Our major long-term objective is to understand the synaptic connections of the neurons that underly complex visual functions such as color vision, directional selectivity and orientation specificity in the vertebrate retina. For this purpose the turtle retina is particularly advantageous because a) the spectral types of cone can be recognized on morphological criteria so that chromatic wiring to second order neurons can be readily studied, and 2) the retina with its linear visual streak organization is particularly specialized for motion and orientation detection. Moreover, the turtle retina has been a favorite experimental retina for electrophysiologists because stable long-term intracellular recordings are possible from all the retinal neurons with subsequent marking of the neurons with HRP for anatomical investigations.
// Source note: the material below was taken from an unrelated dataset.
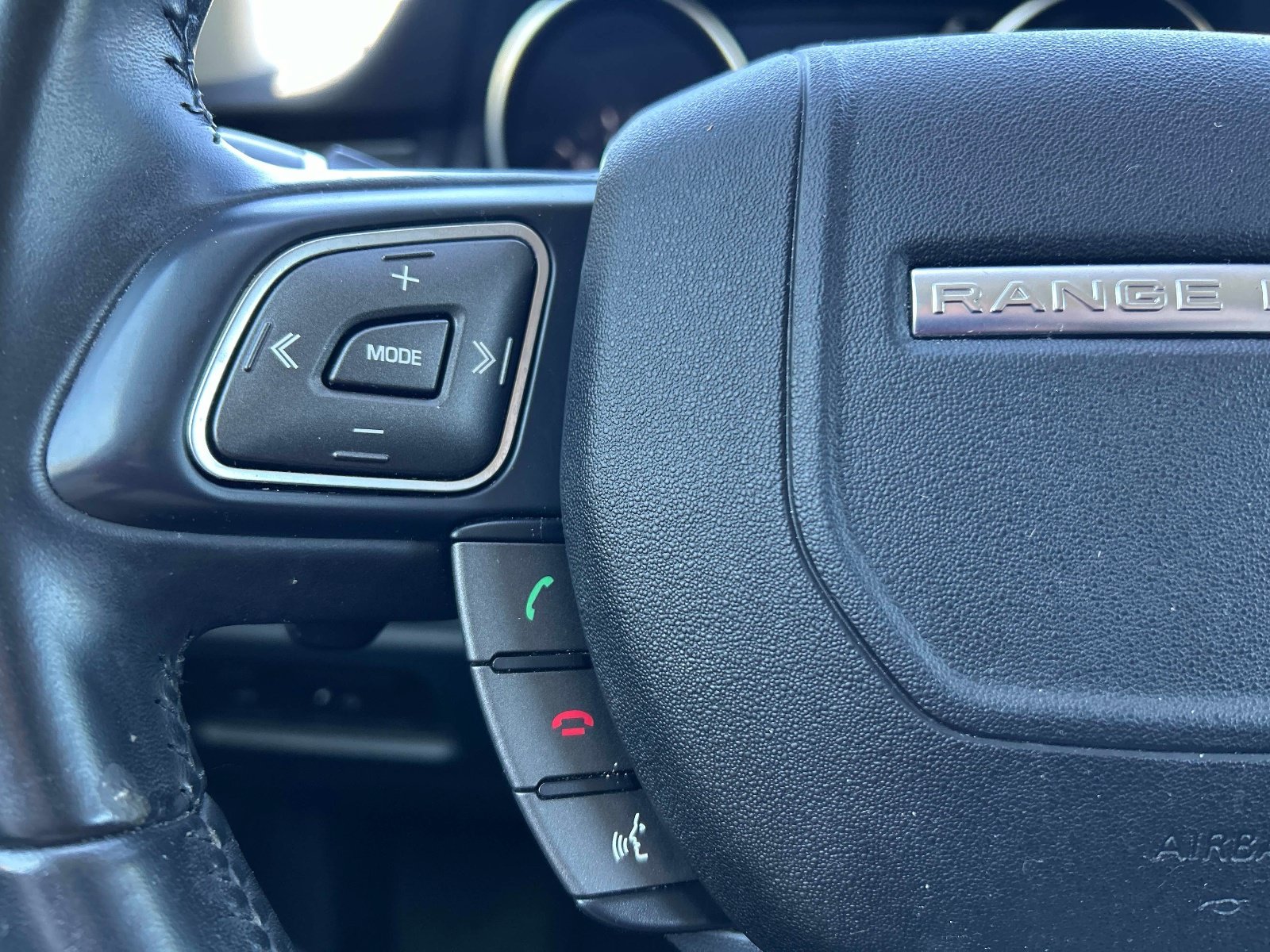 Used 2018 Land Rover Range Rover Evoque SE AWD/4WD image 23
Using anatomical techniques of studying serial semi-thin and ultrathin sections for electron microscopy (EM) and reconstructing neurons and portions of the neuropil we intend to: 1) determine the arrangement and ultrastructural characteristics of the various spectral types of cone pedicle in the outer plexiform layer with particular emphasis on the blue and ultraviolet sensitive cone pedicles. 2) Subsequently we will determine the chromatic input to C-type horizontal cells and the unknown H4 type of the turtle retina and various bipolar cell types. 4) In addition we will determine the connections of the Golgi-- stained centrifugal bipolar in the OPL to see whether this cell might be an interplexiform cell. 5) Using immunocytochemical staining of bipolar cells we will study which chromatic type they might be and study their output to amacrine and ganglion cells in the inner plexifonil layer. Simultaneously we will continue examining HRP-marked and physiologically -identified 6) amacrine and 7) ganglion cells for synaptology of their inputs and outputs. We will concentrate particularly on color-coded and directionally-selective and motion-sensitive amacrine and ganglion cells. We will use EM immunocytochemistry in combination with serial section EM to determine what the neurotransmitter specific input and output neurons might be that are involved with these HRP-marked amacrine and ganglion cells. Finally we will determine the synaptic circuitry of substance P amacrine and ganglion cells as well as attempt to discover which ganglion cell types these might be, by double labeling of retrogradely rhodamine-bead labeled ganglion cells.